The Treasury of David is one of several C.H. Spurgeon books that are in the public domain. If you propose to study the Psalms, I suggest you download this as a companion for your other references.
TITLE. To the Chief Musician for the sons of Korah, Maschil. The title is similar to the forty-second, and although this is no proof that it is by the same author it makes it highly probable. No other writer should be sought for to father any of the Psalms when David will suffice, and therefore we are loathe to ascribe this sacred song to any but the great psalmist, yet as we hardly know any period of his life which it would fairly describe, we feel compelled to look elsewhere. Some Israelitish patriot fallen on evil times sings in mingled faith and sorrow, his country’s ancient glory and her present griefs, her traditions of former favor and her experience of pressing ills. By Christians, it can best be understood if put into the mouth of the church when persecution is peculiarly severe. The last verses remind us of Milton’s famous lines on the massacre of the Protestants among the mountains of Piedmont. The song before us is fitted for the voices of the saved by grace, the sons of Korah, and is to them and to all others full of teaching, hence the title Maschil.
DIVISION. From Ps 44:1-3, the Lord’s mighty works for Israel are rehearsed, and in remembrance of their faith in the Lord is expressed Ps 44:4-8. Then the notes of a complaint are heard Ps 44:9-16, the fidelity of the people to their God is aroused, Ps 44:17-22, and the Lord is entreated to interpose, Ps 44:23-26.
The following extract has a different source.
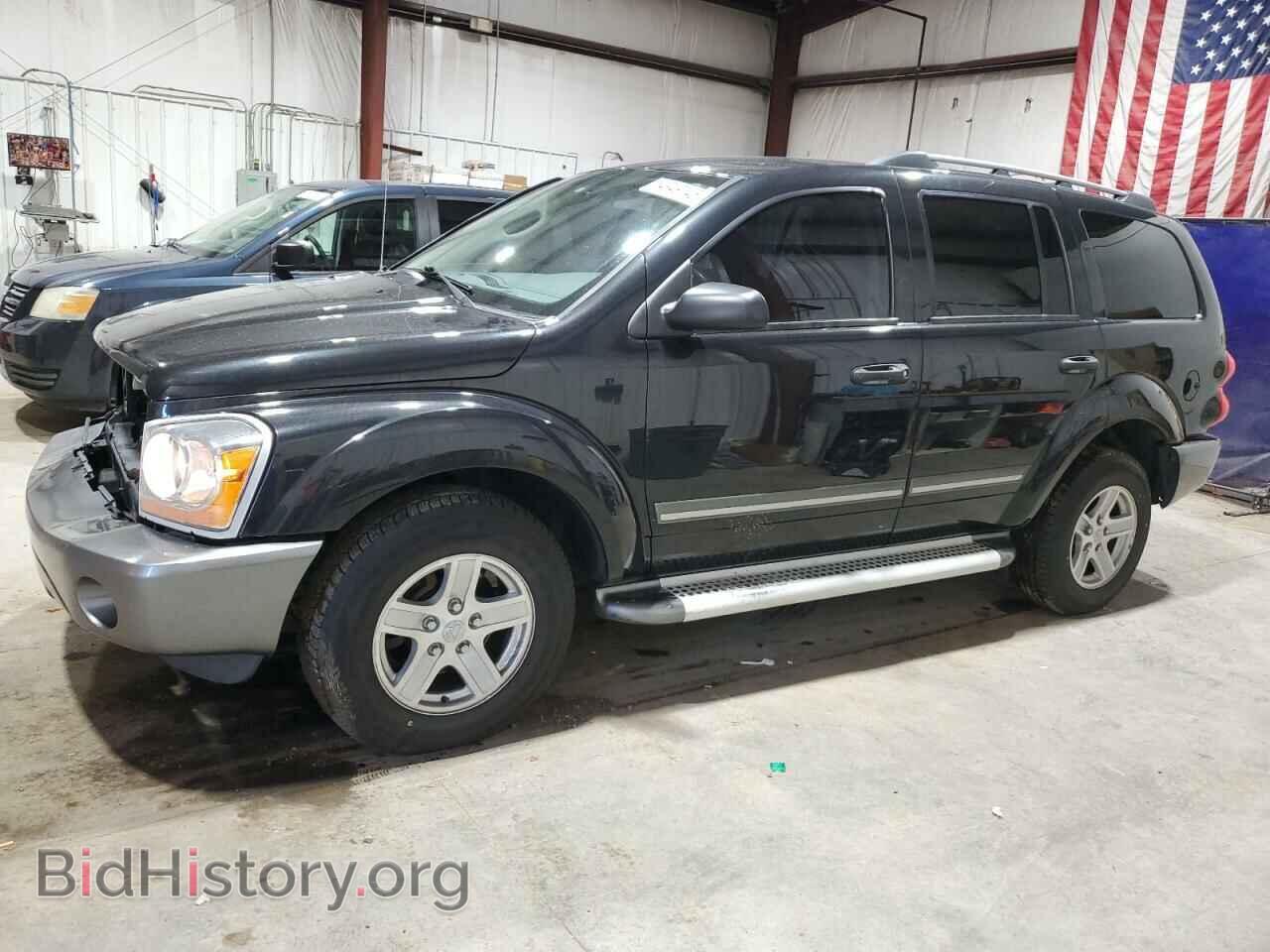 Фотография 1D4HB48216F182309 - DODGE DURANGO 2006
Verse 12. Thou sellest thy people for naught. As men sell merchandise to anyone who cares to have it, so the Lord seemed to hand over his people to any nation who might choose to make war upon them. Meanwhile, no good result was perceptible from all the miseries of Israel; so far as the psalmist could discover, the Lord’s name received no honor from the sorrows of his people; they were given away to their foes as if they were so little valued as not to be worth the ordinary price of slaves, and the Lord did not care to gain by them so long as they did but suffer. The woe expressed in this line is as vinegar mingled with gall: the expression is worthy of the weeping prophet. And dost not increase thy wealth by their price. If Jehovah had been glorified by all this wretchedness it could have been borne patiently, but it was the reverse; the Lord’s name had, through the nation’s calamities, been despised by the insulting heathen, who counted the overthrow of Israel to be the defeat of Jehovah himself. It always lightens a believer’s trouble when he can see that God’s great name will be honored thereby, but it is a grievous aggravation of misery when we appear to be tortured in vain. For our comfort let us rest satisfied that in reality the Lord is glorified, and when no revenue of glory is manifestly rendered to him, he nonetheless accomplishes his own secret purposes, of which the grand result will be revealed in due time. We do not suffer for naught, nor are our griefs without result.